All that is wanted is the line with "Junkfood Def Leppard" and each line after it to the end of the data below, set down exactly and without pictures.
Data to examine section start
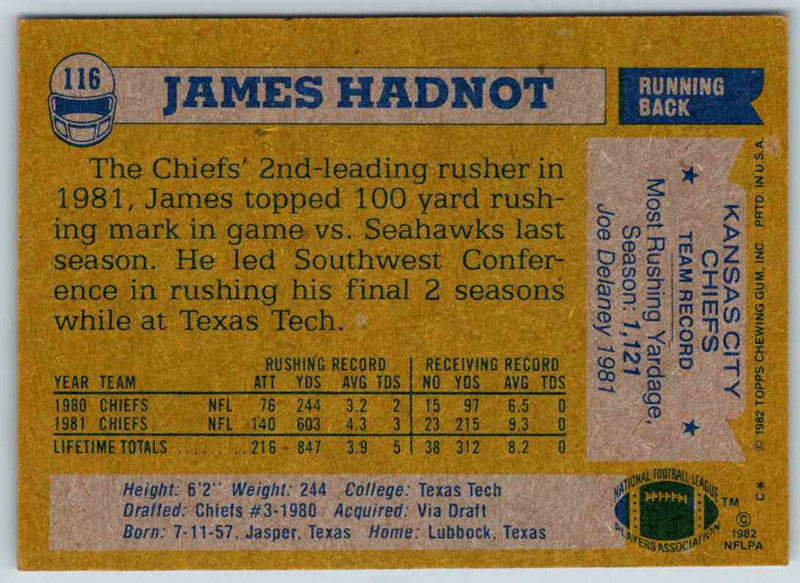 1990 Topps James Hadnot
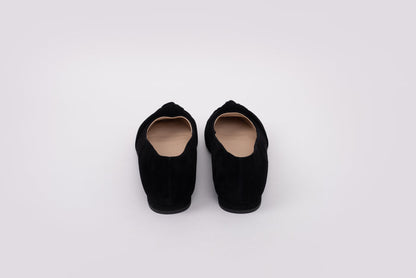 Back view of Fifi Flats in Black. Women's larger size shoes available in sizes 8-12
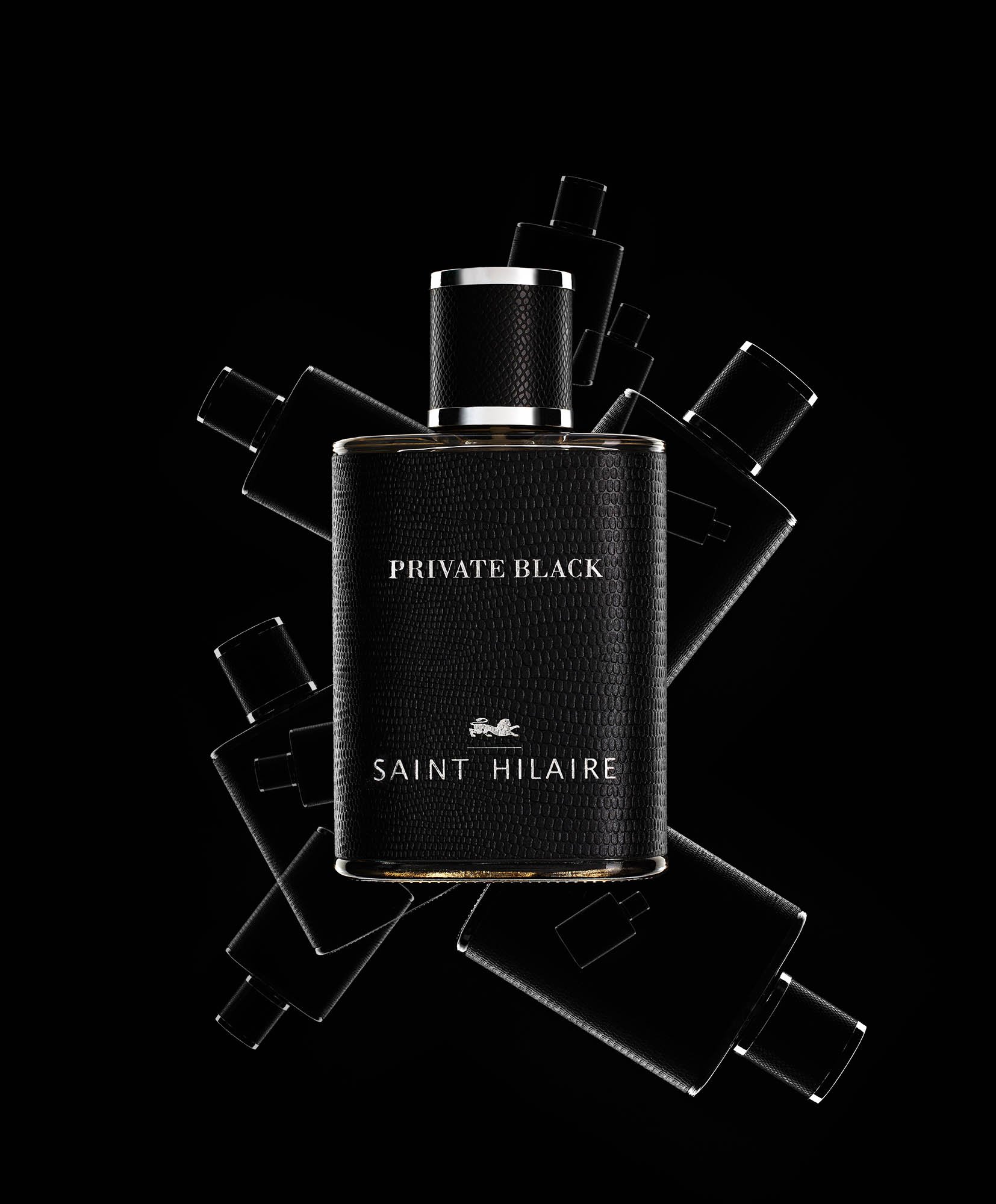  St Hilaire Private Black fragrance on a black background 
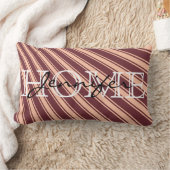 ワインカラーストライプパターンホームモノグラム ランバークッション (ブランケット)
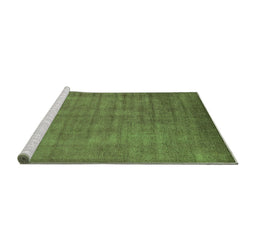 Sideview of Machine Washable Oriental Green Industrial Area Rugs, wshurb1571grn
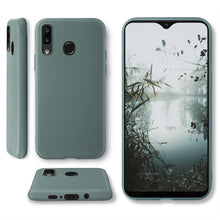 Ladda upp bild till gallerivisning, Moozy Minimalist Series Silicone Case for Samsung A20e, Blue Grey - Matte Finish Slim Soft TPU Cover
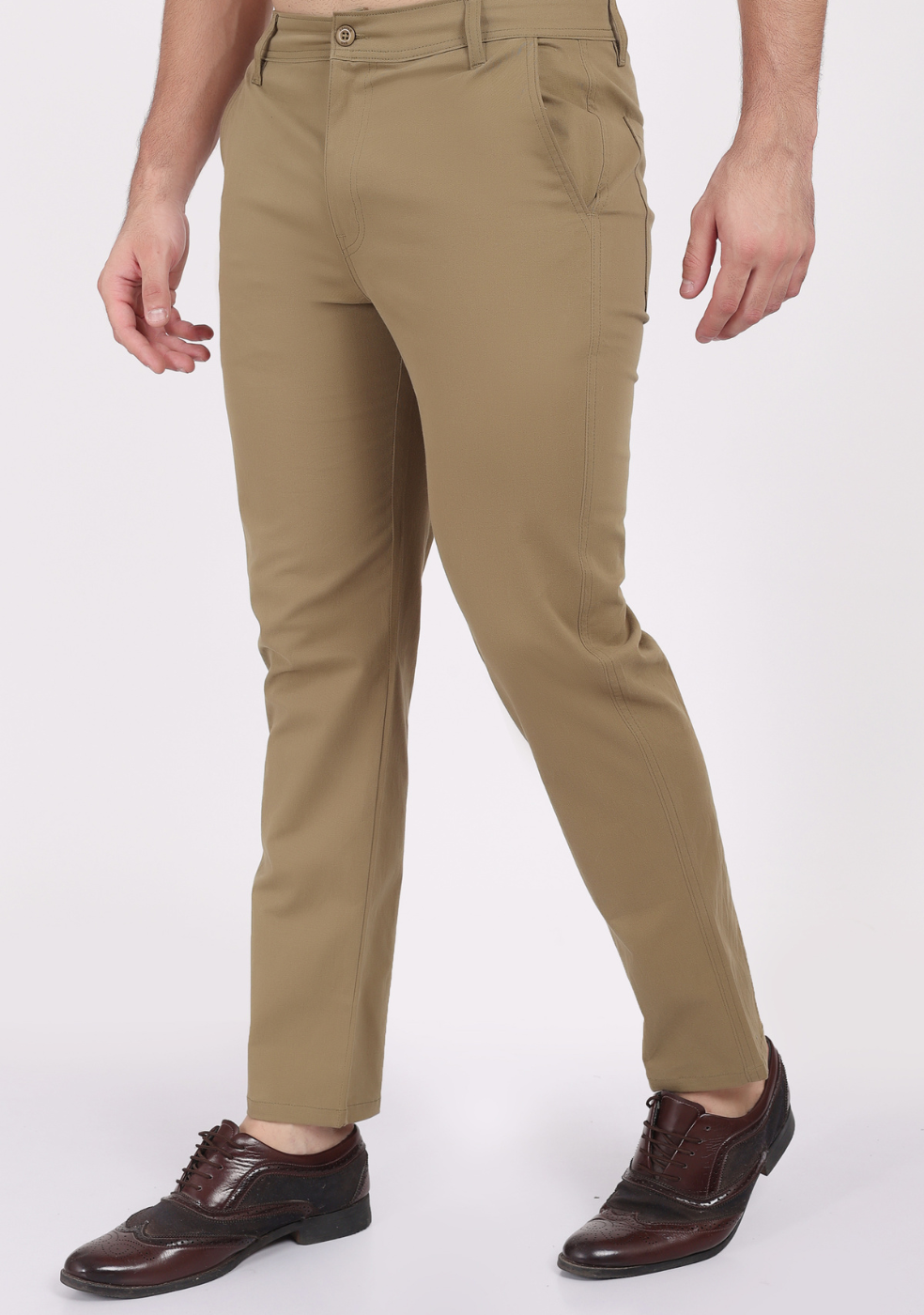 Khaki Casual Trousers for Men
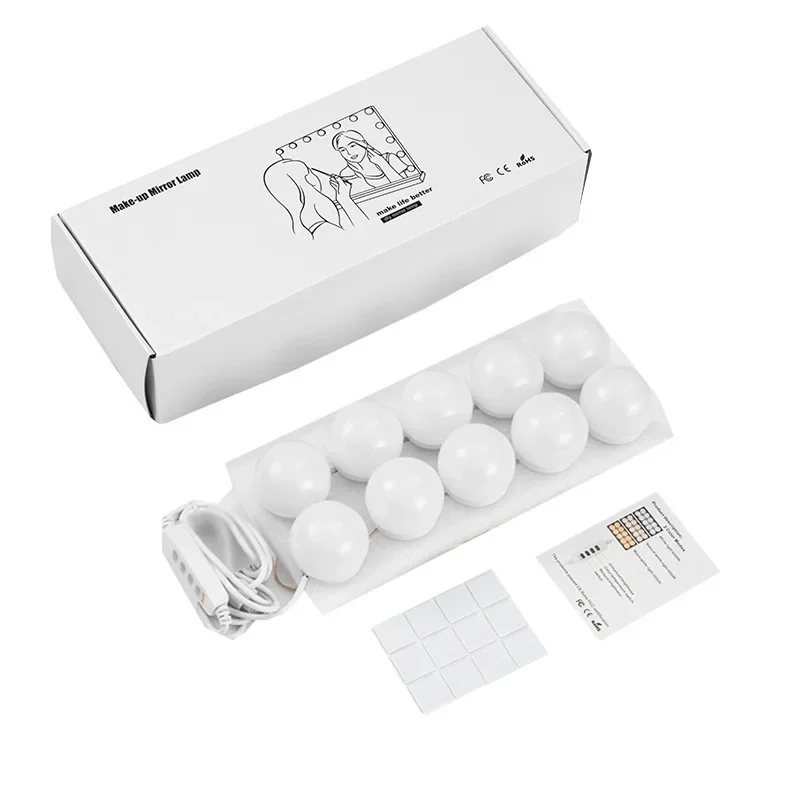 LED Makeup Light Mirror No Punching Desktop Light Mirror Dressing Room Table Lamp Bulbs Three Colors Adjustable Vanity Lights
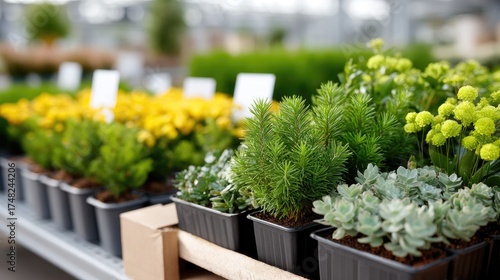 Wallpaper Mural Colorful plants are organized in wooden boxes within a well-lit greenhouse, creating a lively atmosphere for gardening enthusiasts Torontodigital.ca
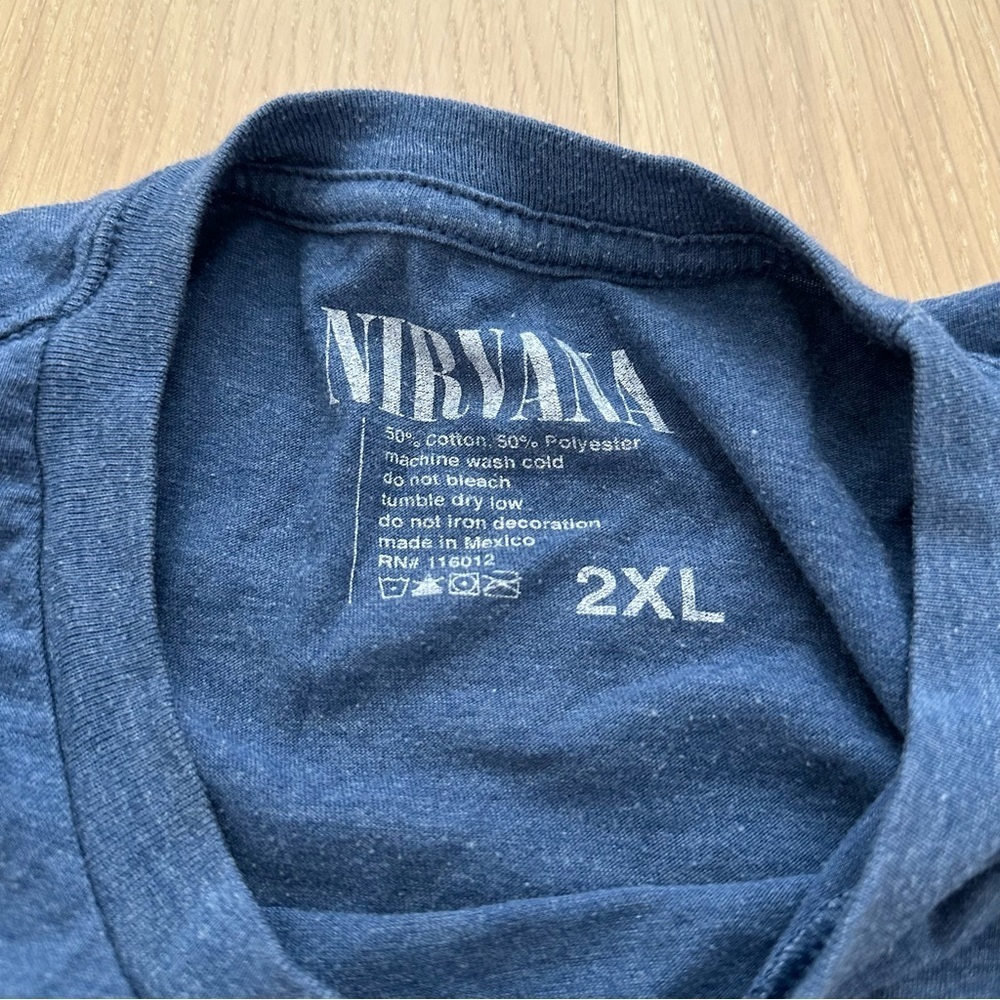 Nirvana Band Tee Tshirt XXL Blue Yellow Smiley Face Rock Classic Cotton Grunge - Picture 2 of 5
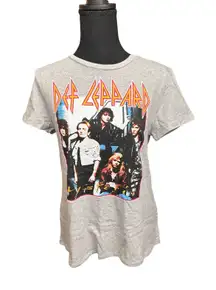 Junkfood Def Leppard Rock Band Graphic T Shirt Grey Size Medium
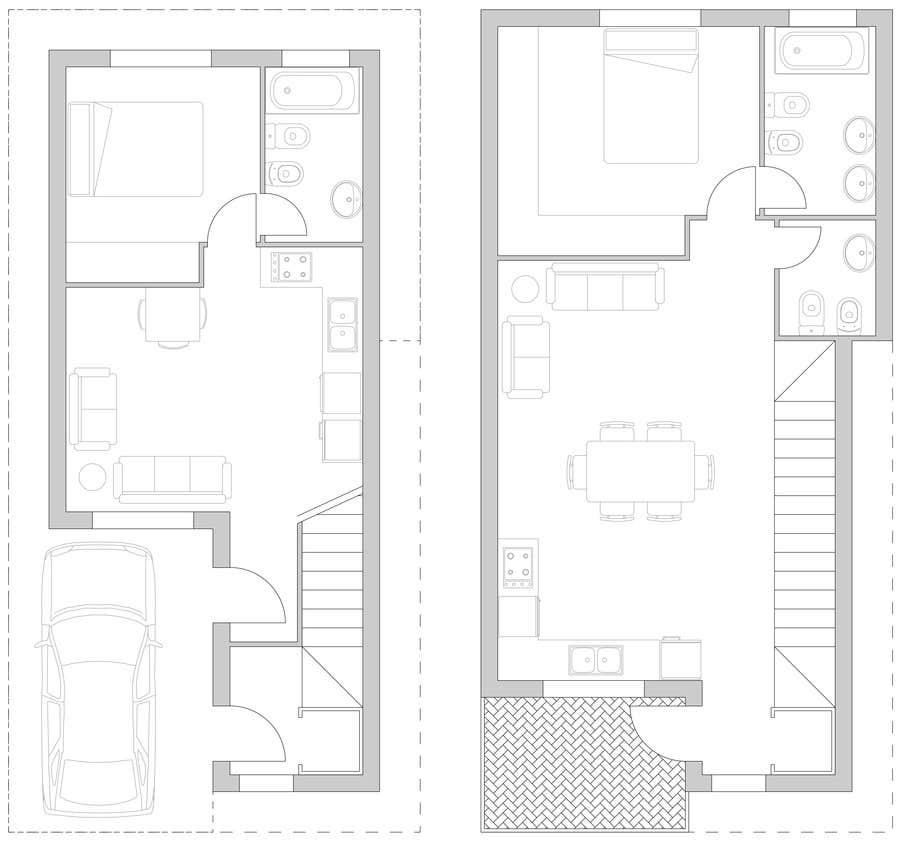 Proposta in Concorso #12 per                                                 House Plan for a small space: Ground Floor + 2 floors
Data to examine section end
*Task response*
 Junkfood Def Leppard Rock Band Graphic T Shirt Grey Size Medium
 Proposta in Concorso #12 per                                                 House Plan for a small space: Ground Floor + 2 floors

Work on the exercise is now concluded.